** Your assignment **
Since only the text is wanted, print every entry below exactly and omit the images.

Crawled caption data:
»»

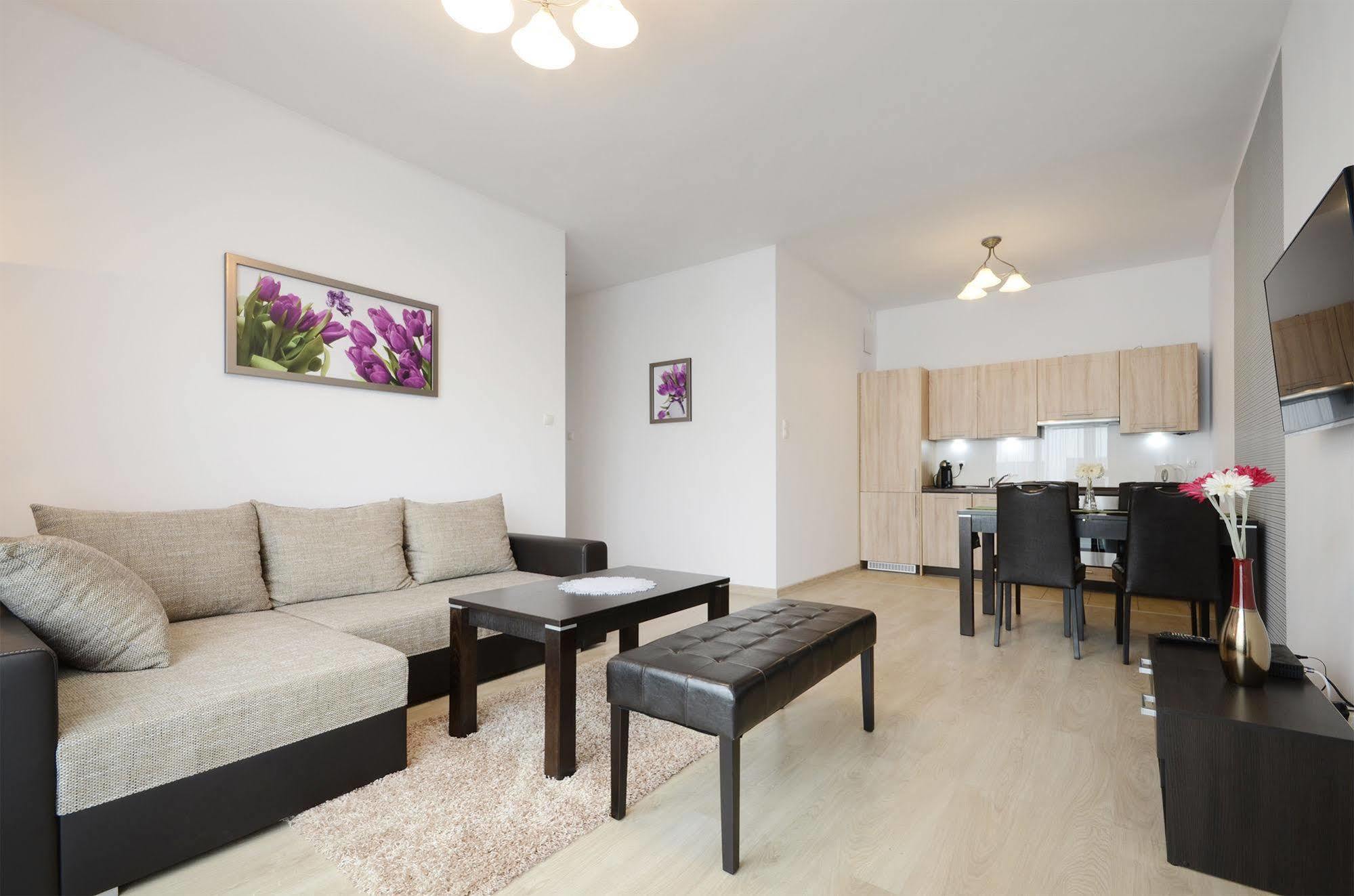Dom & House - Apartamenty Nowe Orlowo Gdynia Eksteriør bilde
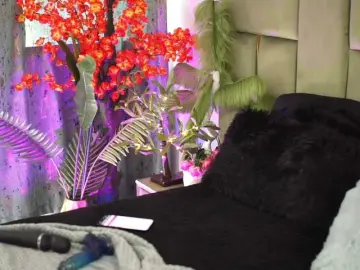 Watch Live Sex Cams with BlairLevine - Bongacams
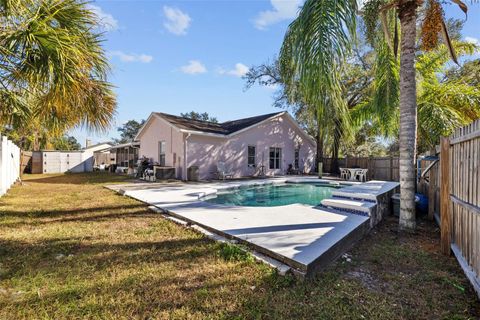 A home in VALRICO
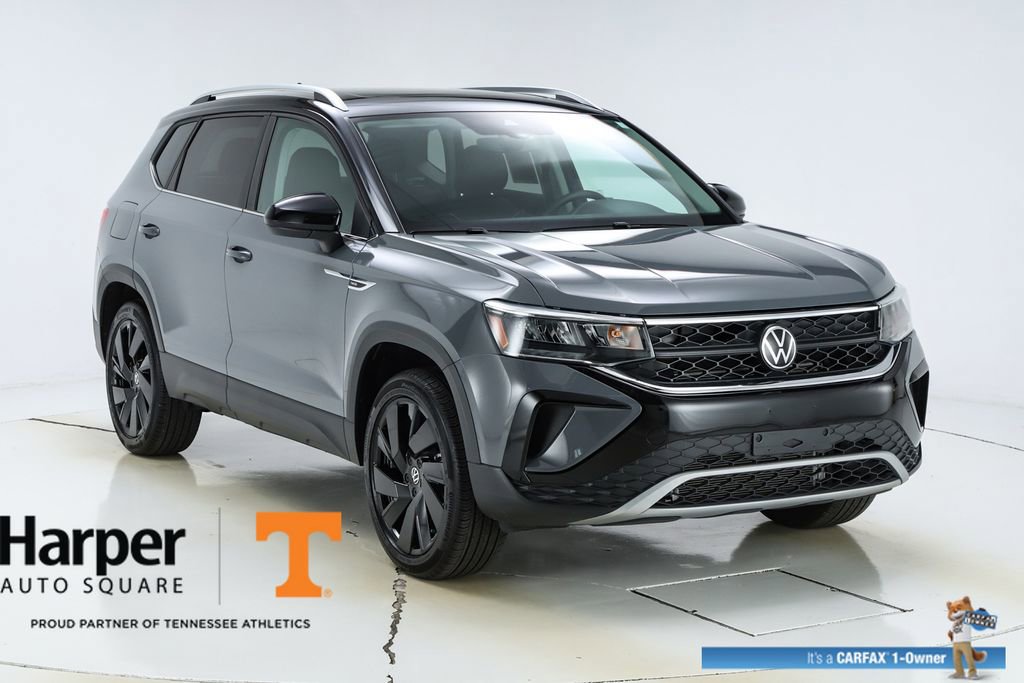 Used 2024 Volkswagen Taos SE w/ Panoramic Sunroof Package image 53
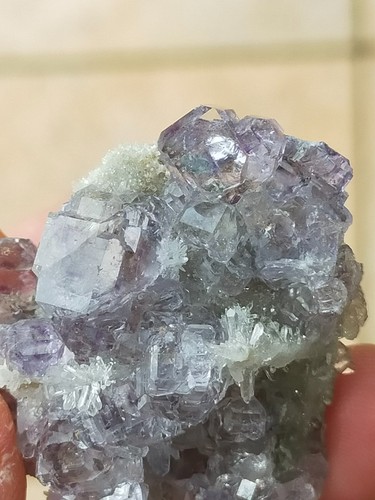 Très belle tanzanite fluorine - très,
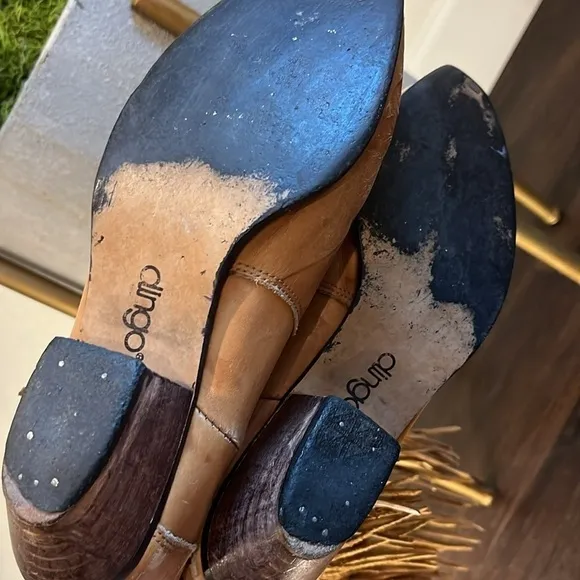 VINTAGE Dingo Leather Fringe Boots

««

** Answer for this exercise **
Dom & House - Apartamenty Nowe Orlowo Gdynia Eksteriør bilde
 Watch Live Sex Cams with BlairLevine - Bongacams
 A home in VALRICO
 Used 2024 Volkswagen Taos SE w/ Panoramic Sunroof Package image 53
 Très belle tanzanite fluorine - très,
 VINTAGE Dingo Leather Fringe Boots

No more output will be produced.